The bottom left panel in Figure 1 compares the effective 3D resolution of the Vutara SR-200 against other imaging modalities. Figure 2 shows an example of a two-color 3D image of microtubules and mitochondria in a BSC1 cell obtained using the Vutara microscope. The Vutara SRX software enables real time localization and visualization during image acquisition, as well as the ability to modify illumination and activation laser intensities “on the fly”.

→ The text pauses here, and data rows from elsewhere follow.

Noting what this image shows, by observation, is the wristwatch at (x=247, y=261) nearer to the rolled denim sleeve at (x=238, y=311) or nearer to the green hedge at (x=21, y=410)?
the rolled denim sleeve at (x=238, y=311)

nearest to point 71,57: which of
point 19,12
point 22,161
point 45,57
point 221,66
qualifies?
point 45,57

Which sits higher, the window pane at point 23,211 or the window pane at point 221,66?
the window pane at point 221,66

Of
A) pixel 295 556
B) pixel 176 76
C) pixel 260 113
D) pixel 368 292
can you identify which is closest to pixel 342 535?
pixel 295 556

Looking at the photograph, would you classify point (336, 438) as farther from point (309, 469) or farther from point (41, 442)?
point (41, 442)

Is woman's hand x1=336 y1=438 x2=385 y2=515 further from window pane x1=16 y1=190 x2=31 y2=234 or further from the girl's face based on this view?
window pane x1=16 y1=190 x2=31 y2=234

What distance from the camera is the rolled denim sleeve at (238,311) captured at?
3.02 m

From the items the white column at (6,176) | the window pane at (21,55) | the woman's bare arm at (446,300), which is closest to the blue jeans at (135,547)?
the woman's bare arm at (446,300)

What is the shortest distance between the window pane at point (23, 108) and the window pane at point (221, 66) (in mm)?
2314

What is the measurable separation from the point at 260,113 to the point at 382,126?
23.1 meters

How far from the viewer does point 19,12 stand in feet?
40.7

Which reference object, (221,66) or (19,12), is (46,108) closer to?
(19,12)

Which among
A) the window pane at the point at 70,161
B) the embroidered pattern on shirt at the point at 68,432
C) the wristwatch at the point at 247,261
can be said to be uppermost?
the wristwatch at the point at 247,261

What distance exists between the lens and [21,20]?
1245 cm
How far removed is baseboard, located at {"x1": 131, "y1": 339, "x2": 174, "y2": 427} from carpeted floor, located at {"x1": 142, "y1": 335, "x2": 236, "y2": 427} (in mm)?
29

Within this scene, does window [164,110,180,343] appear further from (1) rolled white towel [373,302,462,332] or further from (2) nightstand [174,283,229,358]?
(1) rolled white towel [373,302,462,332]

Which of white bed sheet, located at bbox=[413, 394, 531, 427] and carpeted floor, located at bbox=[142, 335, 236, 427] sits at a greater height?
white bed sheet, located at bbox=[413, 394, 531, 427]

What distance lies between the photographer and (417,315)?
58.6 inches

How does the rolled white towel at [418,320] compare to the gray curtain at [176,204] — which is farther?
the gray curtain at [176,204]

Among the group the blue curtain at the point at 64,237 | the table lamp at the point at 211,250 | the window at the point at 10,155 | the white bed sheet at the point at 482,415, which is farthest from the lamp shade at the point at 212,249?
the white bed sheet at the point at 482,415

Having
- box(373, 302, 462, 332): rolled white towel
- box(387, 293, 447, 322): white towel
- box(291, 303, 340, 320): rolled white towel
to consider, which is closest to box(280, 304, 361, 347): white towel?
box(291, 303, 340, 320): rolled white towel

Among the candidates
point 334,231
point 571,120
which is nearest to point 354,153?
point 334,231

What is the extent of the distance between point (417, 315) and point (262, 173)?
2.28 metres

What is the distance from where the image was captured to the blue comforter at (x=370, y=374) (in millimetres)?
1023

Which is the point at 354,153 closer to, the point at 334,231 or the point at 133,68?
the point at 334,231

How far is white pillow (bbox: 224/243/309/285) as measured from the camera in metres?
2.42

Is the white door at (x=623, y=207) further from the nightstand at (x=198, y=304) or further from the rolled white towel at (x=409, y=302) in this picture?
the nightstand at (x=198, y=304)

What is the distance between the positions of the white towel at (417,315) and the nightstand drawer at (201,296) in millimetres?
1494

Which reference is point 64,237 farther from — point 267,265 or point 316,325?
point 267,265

Figure 2. Acquisition and visualization of multicolor super-resolution image in 3D with Vutara microscope: Microtubules (red-labeled with Alexa 647 α-tubulin) and mitochondria (green-labeled with ATTO 488 TOM20) imaged, localized, and visualized in 3D using the Vutara microscope and Vutara SRX software.

Multicolor Imaging

Figure 3 illustrates the comparison between corresponding conventional widefield and super-resolution images. It is clear that features in the cell that were previously blurred due to diffraction are now visible with the enhanced resolution. The three-color super-resolution image shows a fixed BSC1 cell labeled with antibodies against α-tubulin (red), clathrin (blue), and mitochondrial TOM 20 (green). Alexa 647 (α-tubulin), Alexa 568 (clathrin), and ATTO 488 (TOM 20) were imaged sequentially using a 60x/1.2 NA water objective.

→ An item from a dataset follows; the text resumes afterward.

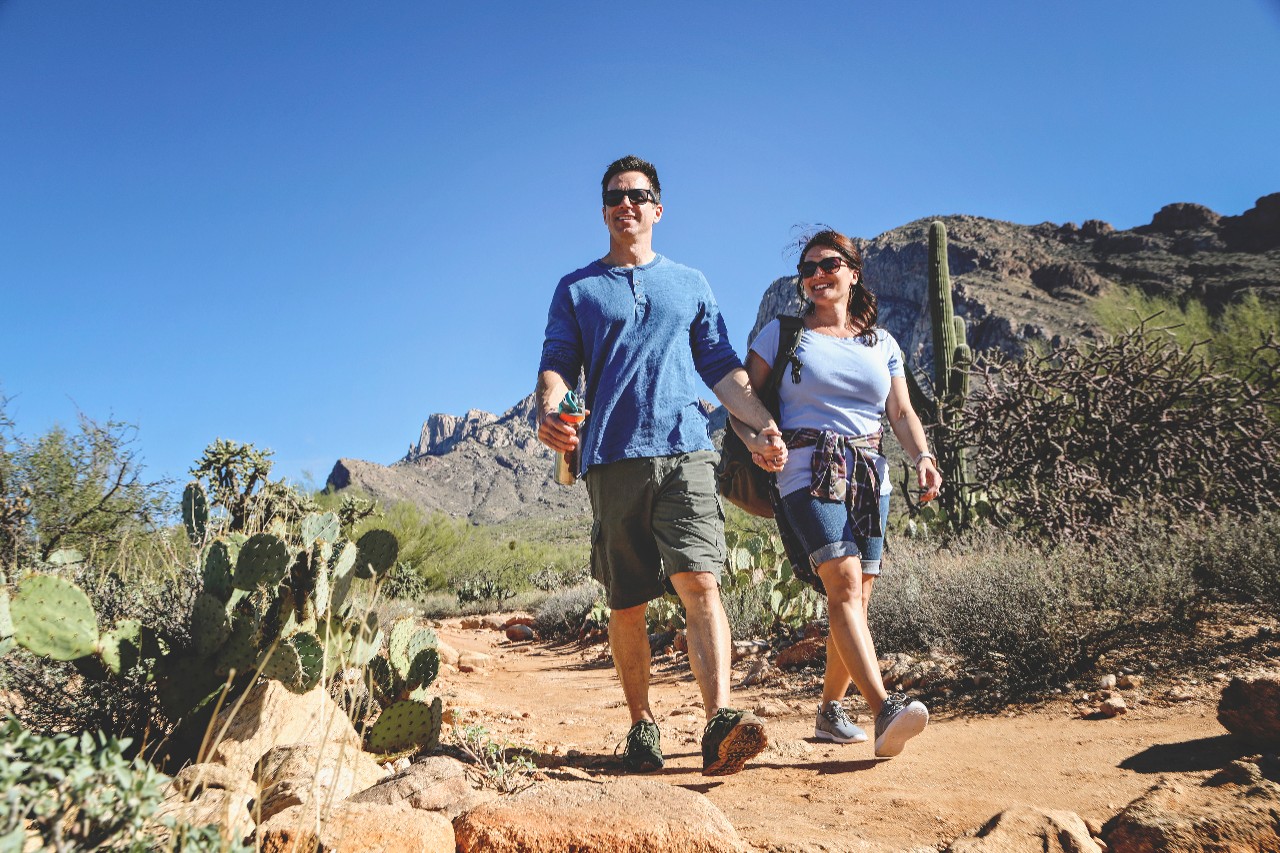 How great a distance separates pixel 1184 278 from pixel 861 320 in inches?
1713

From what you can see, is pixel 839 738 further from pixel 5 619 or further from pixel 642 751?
pixel 5 619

Multicolor super-resolution imaging makes experiments such as membrane-protein interactions, direct protein co-localization studies, and host-virus interactions at the nanoscale possible.

Figure 3. Conventional widefield imaging versus Vutara SML super-resolution imaging: (A) Comparison of a conventional widefield image of Alexa 647 labeled microtubules in a BSC1 cell with the super-resolution image. (B) Three-color super-resolution image of the same BSC1 cell shown in (A): Alexa Fluor 647 α-tubulin (red), Alexa Fluor 568 clathrin (blue), and ATTO 488 TOM 20 mitochondrial protein (green). The scale bar applies to both panels.


Historically, there has been a fundamental mismatch between the optical diffraction limit and the scale at which biochemical processes operate within the cell. Clearly, there is a need for higher resolution when addressing key biological problems. Super-resolution microscopy offers a path toward narrowing that gap by enabling live specimen imaging at the nanoscale in multicolor and 3D (up to 100 µm deep from the coverslip) in a variety of biological systems.

Yeast, Drosophila, C. elegans, tissue sections, and cell culture systems have been successfully imaged on the Vutara microscope. The advent of super-resolution microscopy has revolutionized the biological field by enabling higher-resolution clarity for imaging subcellular features. Virology, molecular biology, neuroscience, and biophysics are a few of the scientific areas that have already benefitted from SML microscopy. New discoveries await at the nanoscale.

Manasa V. Gudheti, Ph.D. ([email protected]), is senior scientist at Vutara.